Evaluating the properties and applications of high entropy borides, nitrides and carbides

This study investigates the unique properties and prospective uses of high entropy ceramics, with special emphasis on borides (HEBs), carbides (HECbs), and nitrides (HENs). Being an innovative material, these ceramics consist of multiple principal elements chemically harmonized under severe lattice distortion and large configurational entropy, which control their unique thermal stability, mechanical hardness, and wear resistance. The principal objective of the research is to analyze the intrinsic characteristics of these high entropy systems and determine their applicability in ultra-high-temperature environments. Through a comprehensive literature review, focusing on critical assessment of experimental and computational works, the research discovered the prospective performance of HEBs, HECbs, and HENs in severe environments like aerospace, defense, and nuclear applications. Nevertheless, poor oxidation resistance, low fracture toughness, and scalability of synthesis are the unresolved challenges affecting HECs. The research recommends developing industrially viable synthesis methods like self-propagating high-temperature synthesis (SHS), flame spray pyrolysis, as well as combining machine learning with CALPHAD and DFT to design and develop more smart production of robust HECs with improved structural and functional performance.
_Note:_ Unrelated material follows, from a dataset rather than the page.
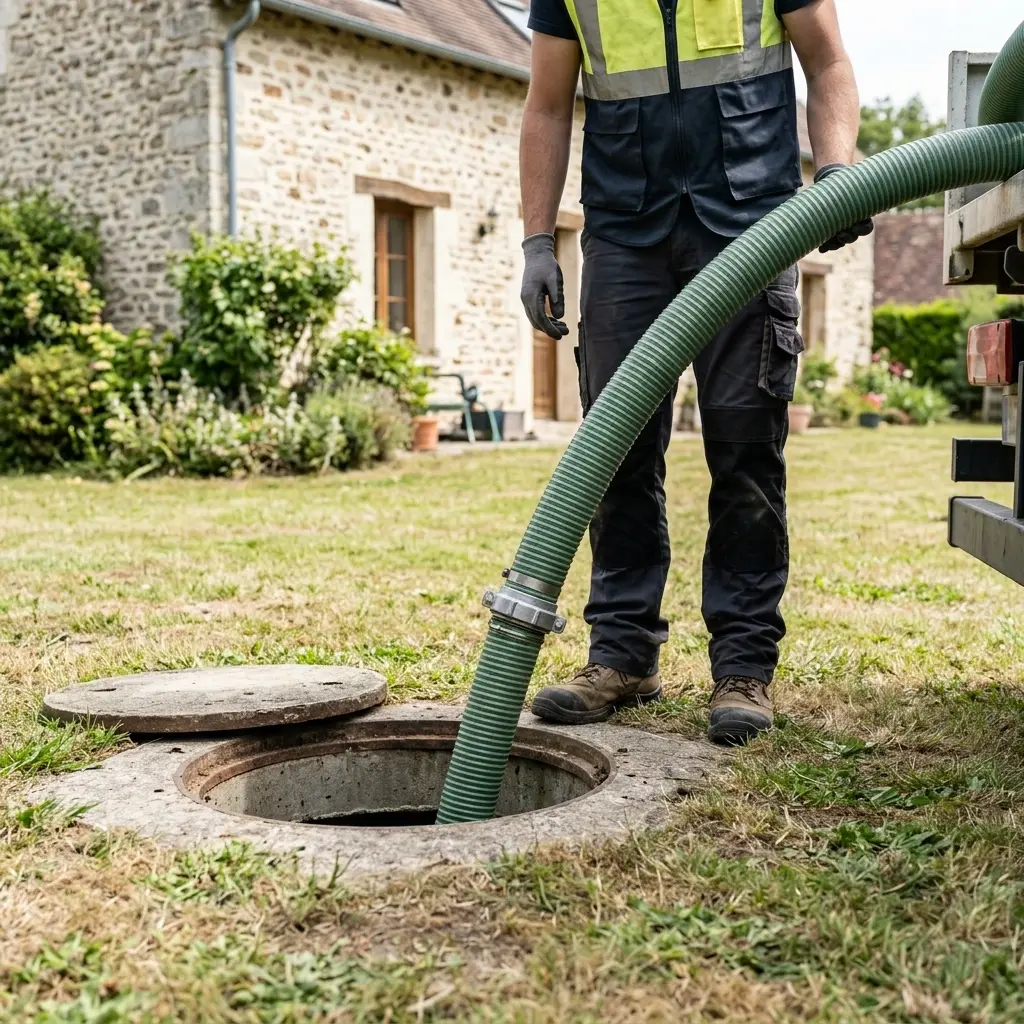 Comment se déroule l'intervention à Corbreuse ?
The study further recommends that future research should inquire not only the structural roles of HECs but also their functional applications in energy storage, electronic barriers, and functional coatings, thereby expanding the impact of high entropy ceramics in emerging technologies. The next wave of research should aim at increasing the oxidation tolerance, develop industrial viable synthesis pathways, and expand the multifunctional applications of HECs in harsh conditions.